- Information shown:
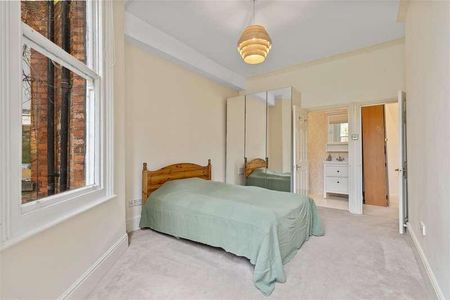 Greencroft Gardens. South Hampstead, NW6 - Photo 3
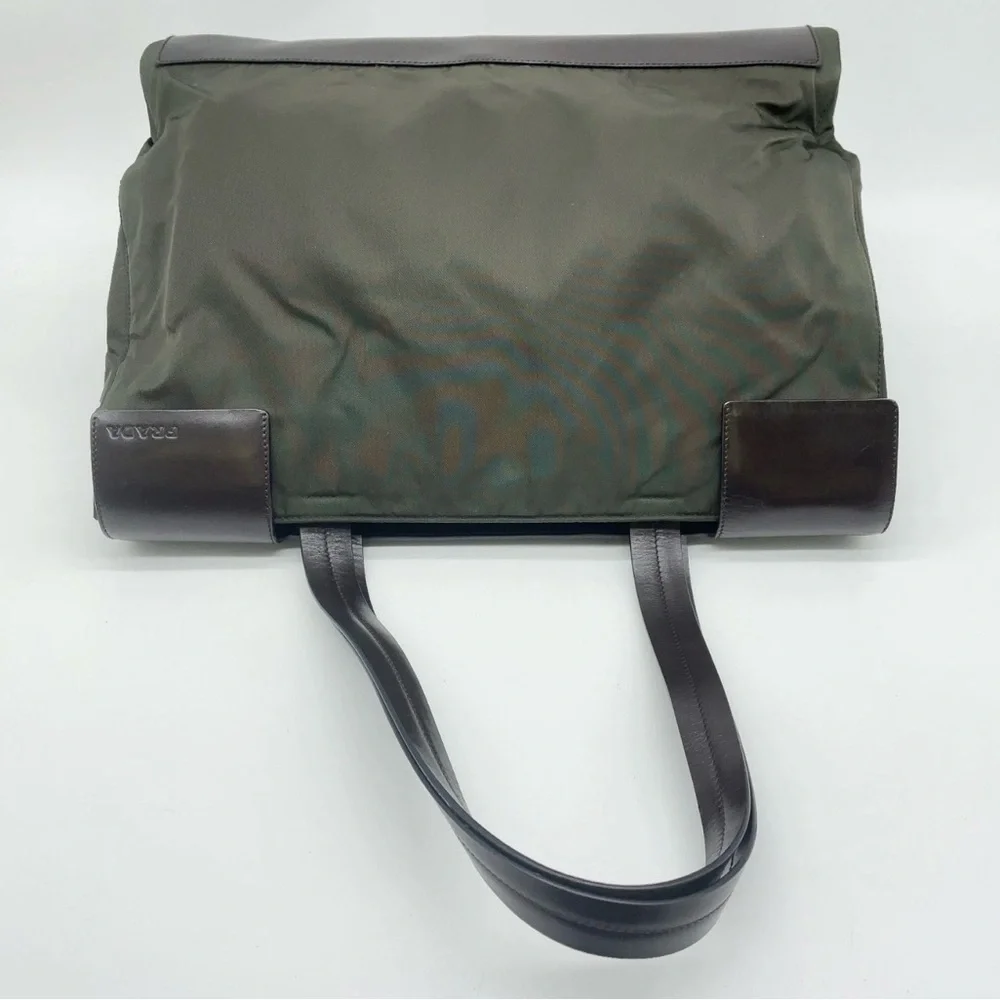 PRADA‎ Vintage Y2K Unisex Rare Dark Olive Nylon/Leather Shopper Tote Handbag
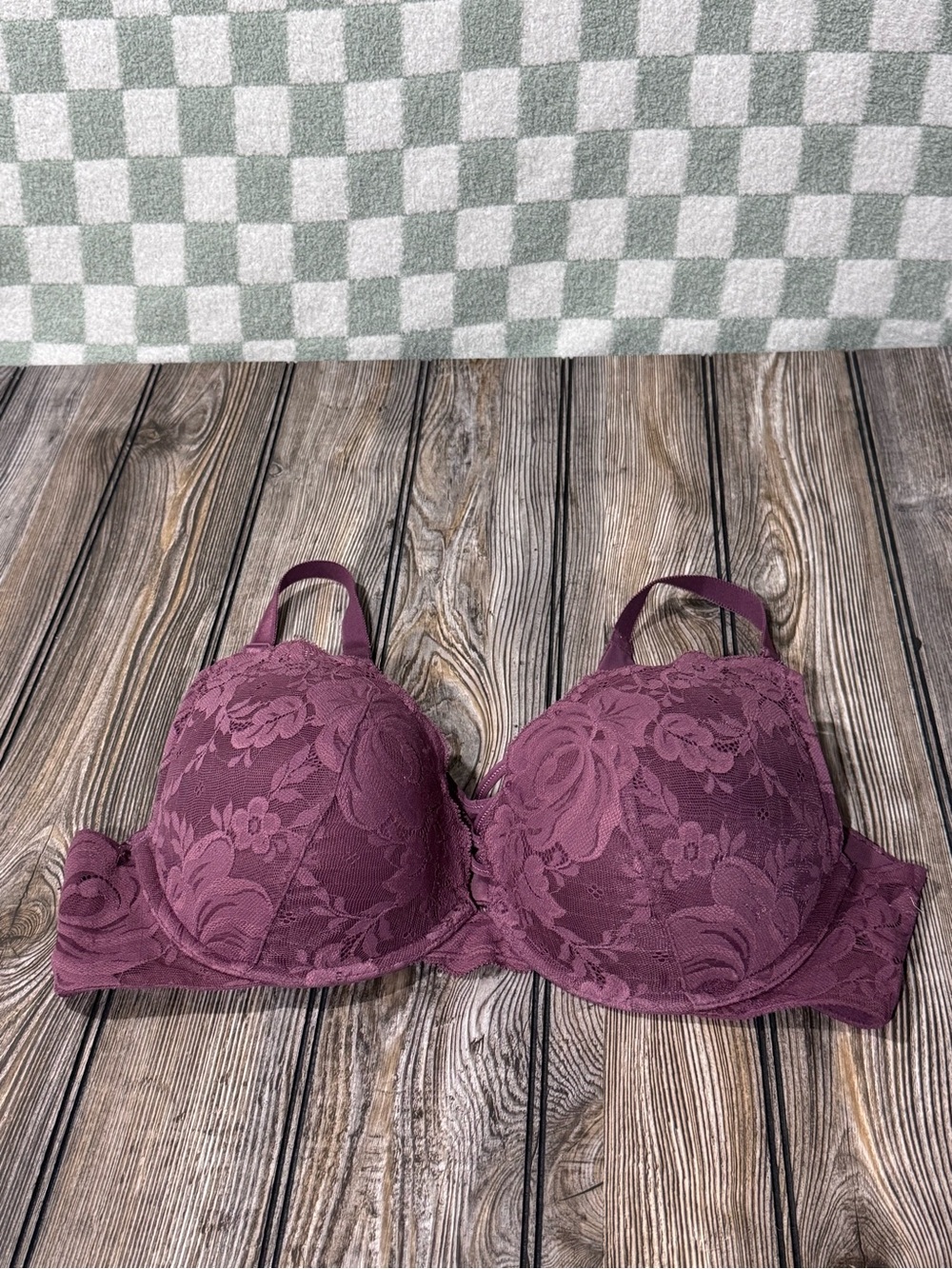 Floral Lace Underwire Bra in Plum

- Task prompt: Restate exactly, and only, the lines from the one that holds "PRADA‎ Vintage Y2K" down to the last line of the material above. Omit the pictures.

- Solution for this exercise:
 PRADA‎ Vintage Y2K Unisex Rare Dark Olive Nylon/Leather Shopper Tote Handbag
 Floral Lace Underwire Bra in Plum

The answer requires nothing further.